3. Service Port Not Named

# Check service definition
kubectl get svc <service-name> -n <namespace> -o yaml

# Port MUST have a name:
ports:
- port: 80
  targetPort: 8000
  name: http    # ← Required for service discovery

Endpoints Not Discovered

Symptoms:

Service discovery configured but endpoints not updating
Scaling pods doesn't update gateway

Diagnosis:

# Check service endpoints
kubectl get endpoints -n <namespace> <service-name>

# Scale pods and verify endpoints update
kubectl scale deployment <name> -n <namespace> --replicas=5
kubectl get endpoints -n <namespace> <service-name>

# Check gateway discovers endpoints
kubectl logs -n <namespace> -l app.kubernetes.io/name=gateway | grep -i endpoint

Solutions:

1. Check Service Registry Connection

# In Dashboard, verify registry status
# Settings → Service Registry → kubernetes-cluster
# Status should be "Connected"

2. Verify Service Name Format

# Format: <namespace>/<service-name>:<port-name>
upstream:
  discovery_type: kubernetes
  service_name: <namespace>/web-service:http
  # NOT: web-service or web-service.<namespace>.svc.cluster.local

3. Restart Gateway Pods

kubectl rollout restart deployment/<gateway-deployment> -n <namespace>

Ingress & Certificate Issues

Certificate Not Trusted / Invalid

Symptoms:

Browser shows "Not Secure" warning
Certificate errors in logs

Diagnosis:

# Check certificate
kubectl get certificate -n <namespace>

# Describe certificate for errors
kubectl describe certificate <cert-name> -n <namespace>

# Check cert-manager logs
kubectl logs -n cert-manager -l app.kubernetes.io/name=cert-manager --tail=50

# Test certificate
openssl s_client -connect demo.domain.com:443 -servername demo.domain.com < /dev/null 2>/dev/null | openssl x509 -noout -dates -issuer

Solutions:

1. Certificate Not Ready

# Check certificate status
kubectl get certificate -n <namespace>

# If not "True", check cert-manager logs
kubectl logs -n cert-manager -l app.kubernetes.io/name=cert-manager

2. DNS Challenge Failed

# Check ClusterIssuer
kubectl get clusterissuer

# Verify Cloudflare API token
kubectl get secret cloudflare-api-token-secret -n cert-manager

# Check challenge status
kubectl get challenge -A

3. Manual Certificate Creation

# If cert-manager fails, use acme.sh
export CF_Token="<CLOUDFLARE_TOKEN>"
~/.acme.sh/acme.sh --issue --dns dns_cf -d "*.domain.com" -d "domain.com"
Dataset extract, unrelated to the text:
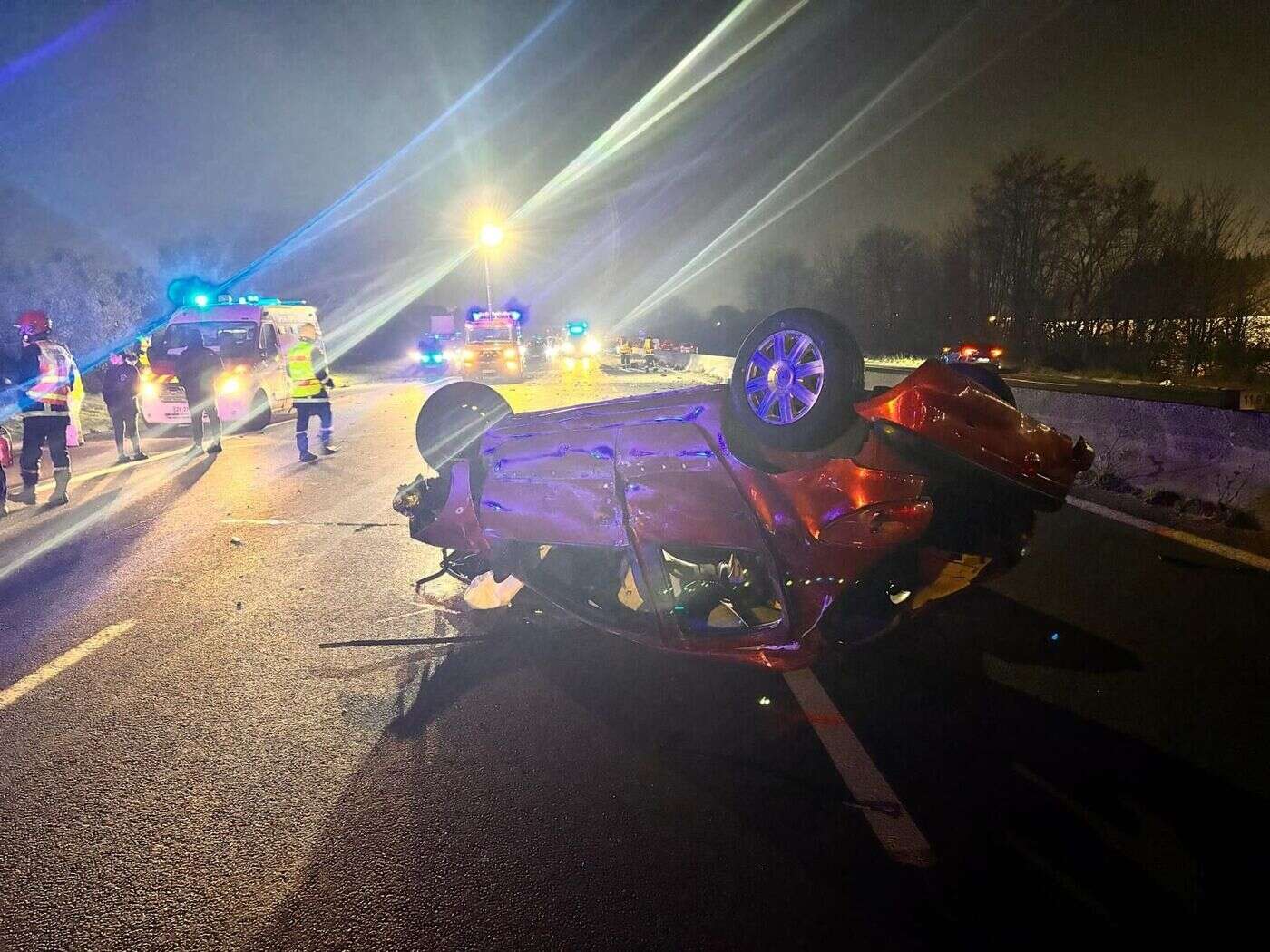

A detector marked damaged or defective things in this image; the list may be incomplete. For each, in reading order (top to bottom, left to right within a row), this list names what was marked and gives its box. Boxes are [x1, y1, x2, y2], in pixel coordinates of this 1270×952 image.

# Create Kubernetes secret
kubectl create secret tls wildcard-tls \
  --cert=~/.acme.sh/*.domain.com_ecc/fullchain.cer \
  --key=~/.acme.sh/*.domain.com_ecc/*.domain.com.key \
  -n <namespace>

LoadBalancer Stuck in Pending

Symptoms:

Ingress EXTERNAL-IP shows <pending>
Cannot access services externally

Diagnosis:

# Check MetalLB
kubectl get pods -n metallb-system

# Check IPAddressPool
kubectl get ipaddresspool -A

# Check service
kubectl describe svc -n ingress-nginx nginx-ingress-lb-custom

Solutions:

1. MetalLB Not Running

# Check MetalLB pods
kubectl get pods -n metallb-system

# Restart if needed
kubectl rollout restart deployment -n metallb-system

2. IP Pool Exhausted

# Check IP pool configuration
kubectl get ipaddresspool -A -o yaml

# Check allocated IPs
kubectl get svc -A -o wide | grep LoadBalancer

3. Annotation Error

# Check MetalLB annotation
kubectl get svc <name> -n <namespace> -o yaml | grep metallb

# Correct format:
metadata:
  annotations:
    metallb.universe.tf/loadBalancerIPs: "<external-ip>"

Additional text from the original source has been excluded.